Now, the movie is gorgeous, funny, and has mildly fantastical sequences in the dreamland, but isn't Miyazaki's standard fare. A few people heading out after the movie voiced their disappointment, but it's a well-constructed film and truly worth watching for the artistic merit alone. But don't go in expecting an adventure of any sort.
Short Cuts Canada - Programme 5
It's been a while since I've been to a short film program at TIFF, but this year they had a number of movies that grabbed my attention. This just happened to be the group with the most of those.
Kicking it off was Bruce Alcock's Impromptu - an animated piece about an impromptu dinner party. Done from the main character's point of view, entirely in line drawings, and in 3D, it's a visual treat for a relatively everyday tale. I love Alcock's At The Quinte Hotel, and this keeps him in my good graces.
Then came The End of Pinky - the tale of a Montreal night where a man aims to kill his friend for betraying him. Claire Blanchet has created a beautiful 3D work of a dream-like noir Montreal, taken from Heather O’Neill's short story.

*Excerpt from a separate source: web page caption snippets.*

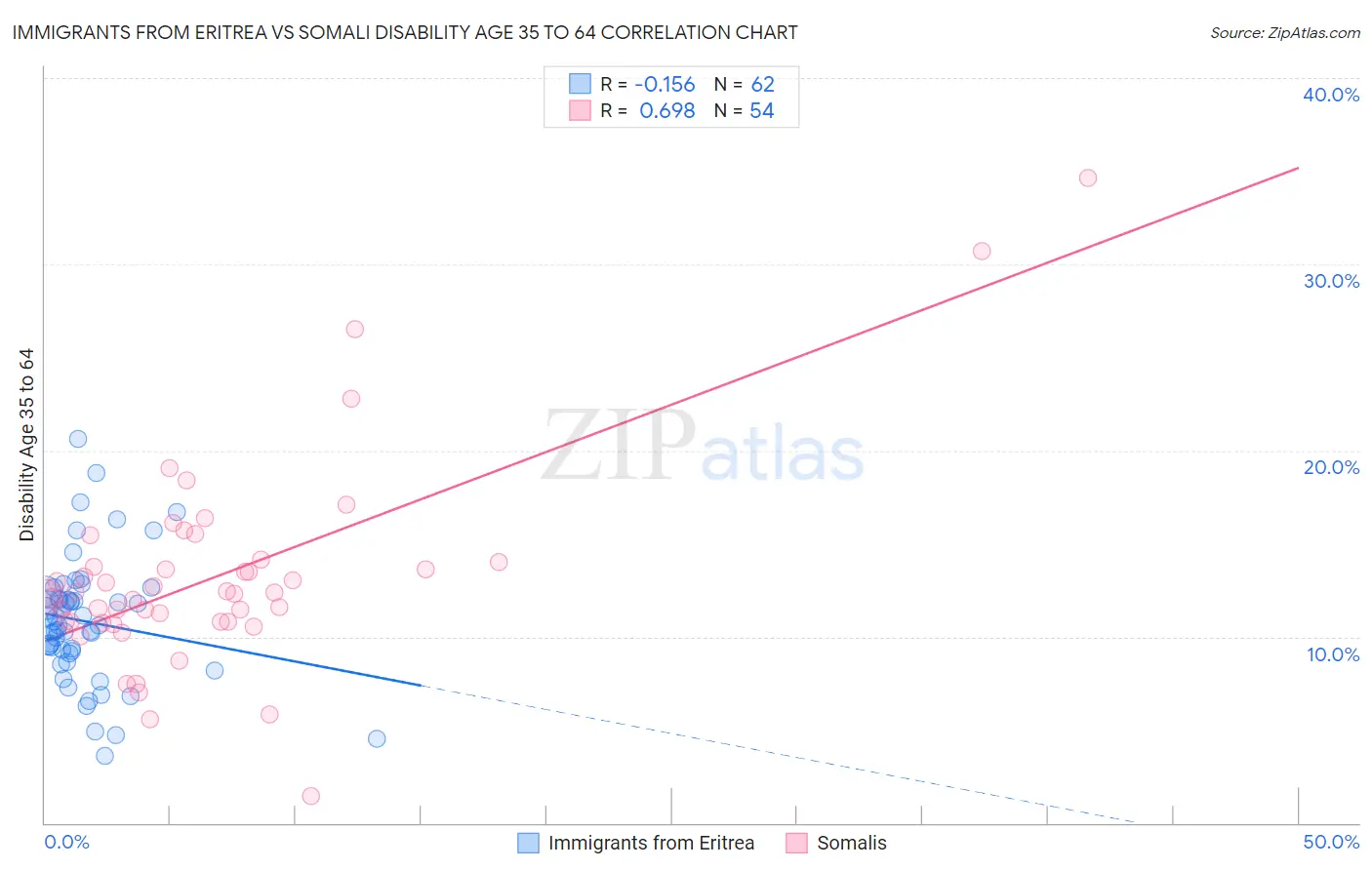 Immigrants from Eritrea vs Somali Disability Age 35 to 64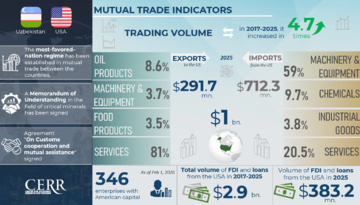 Infographics: Trade, Economic, and Investment Cooperation between Uzbekistan and the United States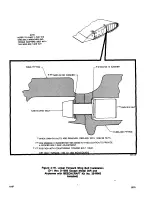 Preview for 585 page of Beechcraft Bonanza 33 Series Shop Manual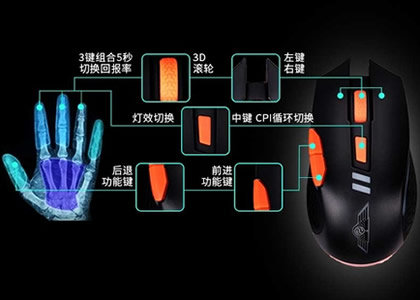 随着监控系统连接性提高,对智能化的需求也与
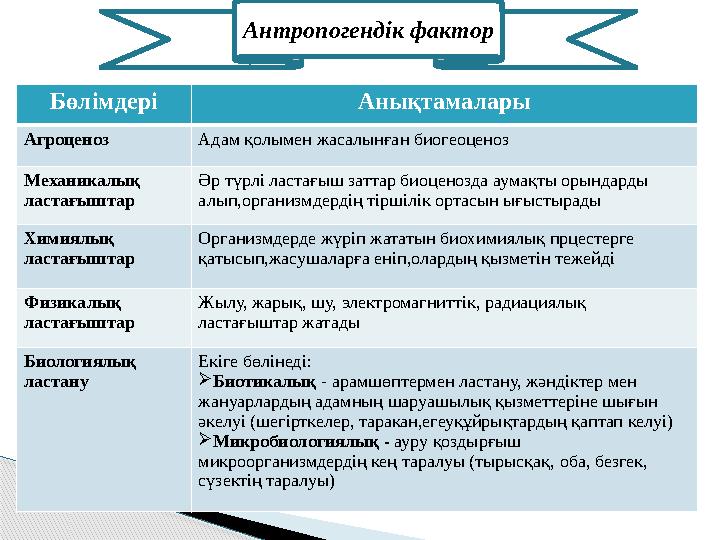 Антропогендік фактор Бөлімдері Анықтамалары Агроценоз Адам қолымен жасалынған биогеоценоз Механикалық ластағыштар Әр түрлі ласт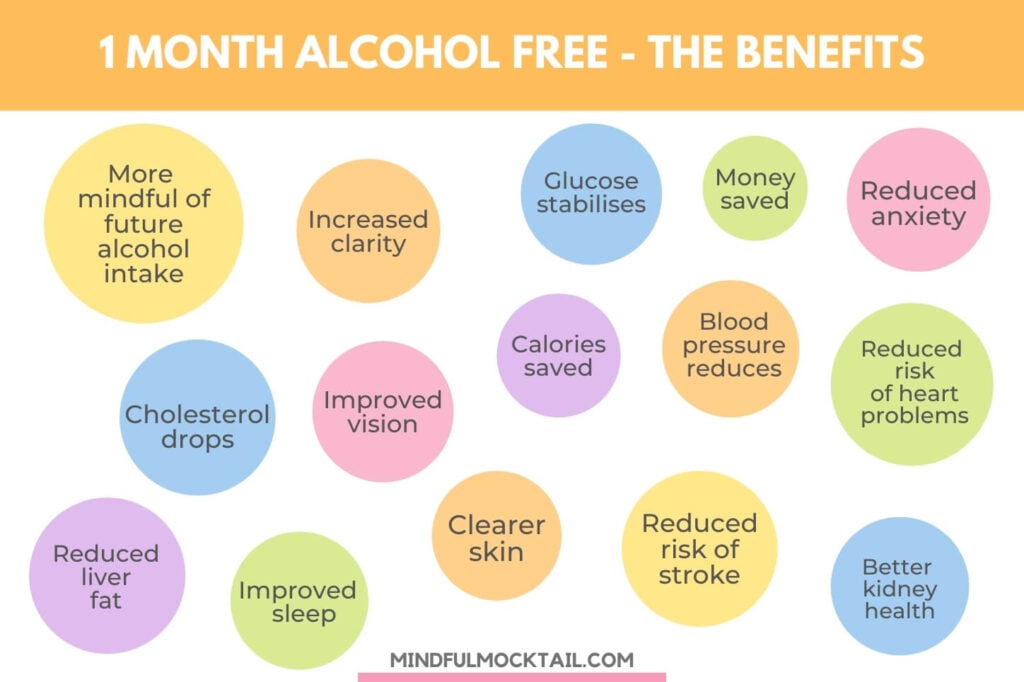 The Benefits of Giving up Alcohol for a Month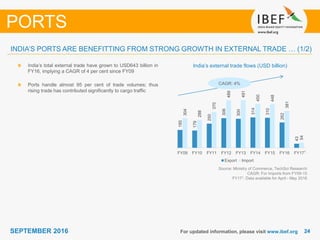 2424SEPTEMBER 2016
185
179
250
306
300
314
310
262
43
304
288
370
489
491
450
448
381
54
FY09 FY10 FY11 FY12 FY13 FY14 FY15 FY16 FY17
Export Import
For updated information, please visit www.ibef.org
India’s external trade flows (USD billion)
Source: Ministry of Commerce, TechSci Research
CAGR: For Imports from FY09-15
FY171: Data available for April - May 2016
India’s total external trade have grown to USD643 billion in
FY16, implying a CAGR of 4 per cent since FY09
Ports handle almost 95 per cent of trade volumes; thus
rising trade has contributed significantly to cargo traffic
INDIA’S PORTS ARE BENEFITTING FROM STRONG GROWTH IN EXTERNAL TRADE … (1/2)
PORTS
CAGR: 4%
1
 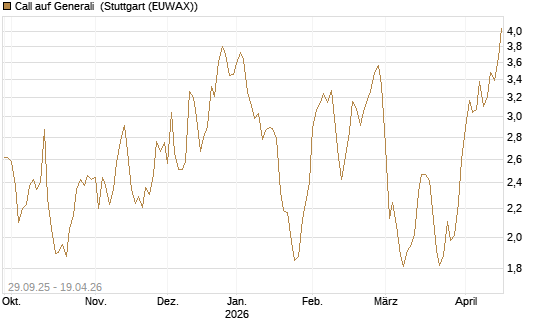 Call auf Generali [UniCredit Bank GmbH] Chart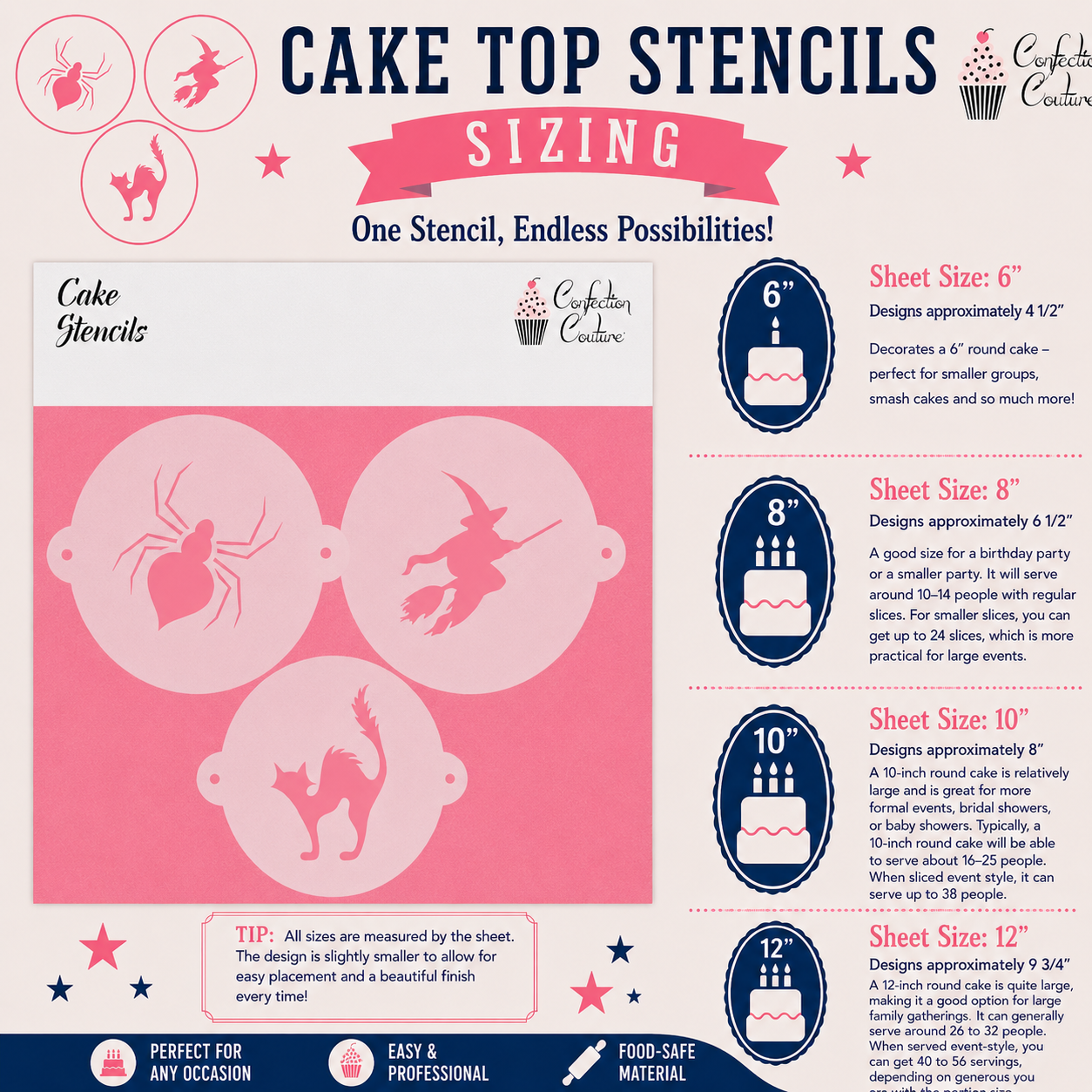 Cake stencils with sizing chart and product details on a pink and blue background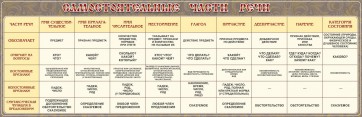 Стенд "Самостоятельные части речи" Вариант 1 - fgospostavki.ru - Домодедово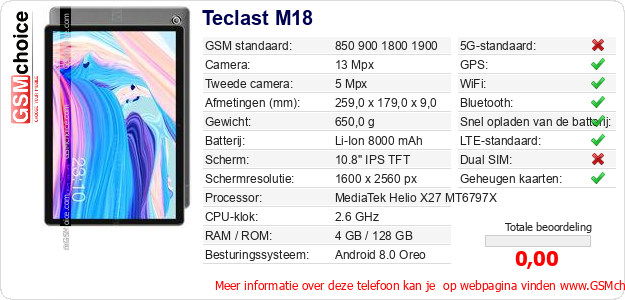 Teclast M18 Technische gegevens 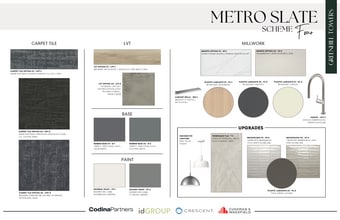 14131 Midway Rd, Addison, TX à louer Photo intérieure– Image 2 sur 9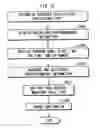 Fig. 20 - Program search device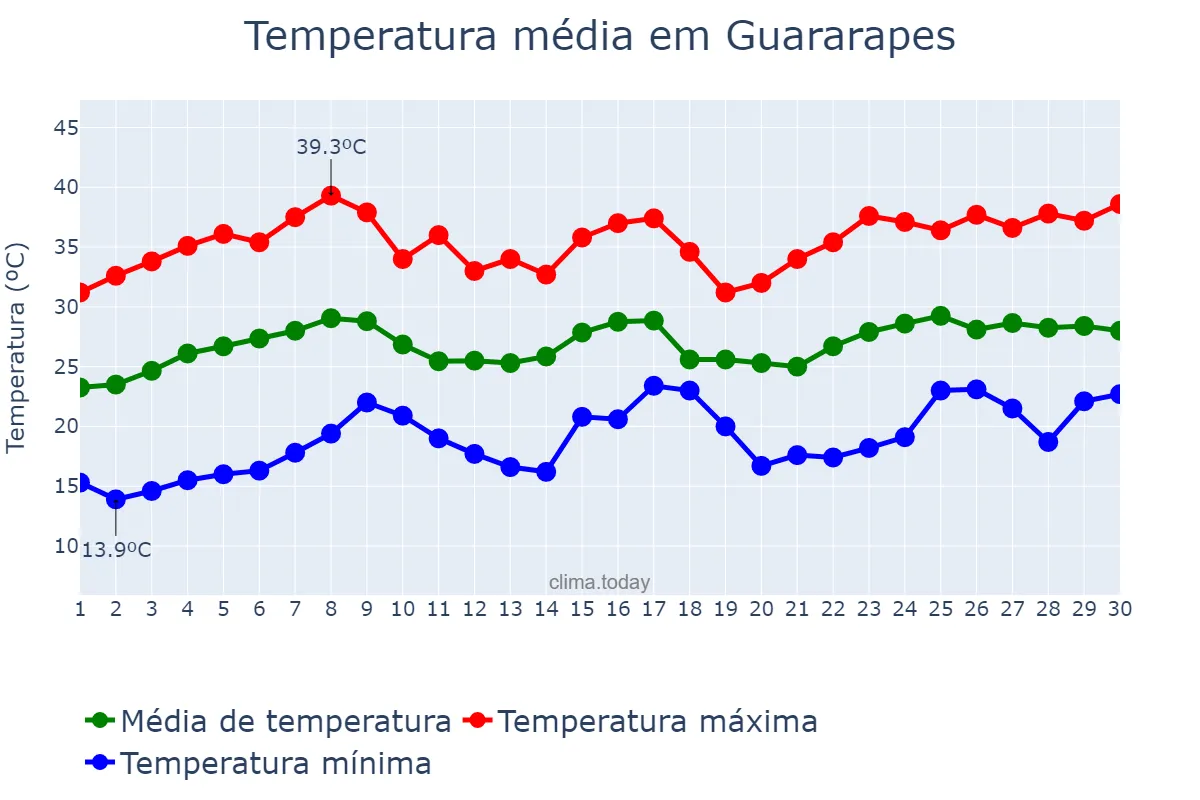 Temperatura em novembro em Guararapes, SP, BR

The Chaperone 3D was the funniest of the night, recounting the tale of a teacher in 1970's Montreal who took on a biker gang mostly by himself. Mixed media, 3D, with a charming narrator providing nuggets of wisdom as he describes his dismantling of some disruptive bikers at a church dance. The crowd was in stitches, as Fraser Munden and Neil Rathbone threw everything they could think of at the camera.
Next up was the shortest film of the fest - CRIME: Joe Loya, the Beirut Bandit. A quick 3-colour animated telling of Joe Loya's first bank robbery and how it kind of went awry. It's amazing how much can be fit into 2 minutes.
Numbers & Friends was described as "an art film about fantasy sports." Told through still photography with some subdued movement added to the scenes, it's the story of an immigrant coming to North America and learning about the importance of baseball, hockey, and fantasy sports in connecting with the male psyche in his new country. Though visually interesting, I found it hard to stay focused on the story being told.
A night at an arts supply store goes odd in Roland, when a man wants to use the employee restroom and refuses to take no for an answer. We were assured it was a true story, with perhaps the mood altered a bit for film. An amusing "yah, that could happen to anyone" tale with a bit of "be careful how you relate your stories" lesson thrown in.
Finally was An Extraordinary Person - which deals with a party guest who is having a pretty rough couple of days and finally loses it on her fake friends. Full of actresses who are well-known in Quebec (read: I didn't recognize any of them), it does an admirable job of creating well-defined characters in only 29 minutes, albeit not a single one that is likeable. This is a good thing, because the things said would seem cruel to anyone you think of as a good person.
15 screenings down. 5 to go. 4 days left.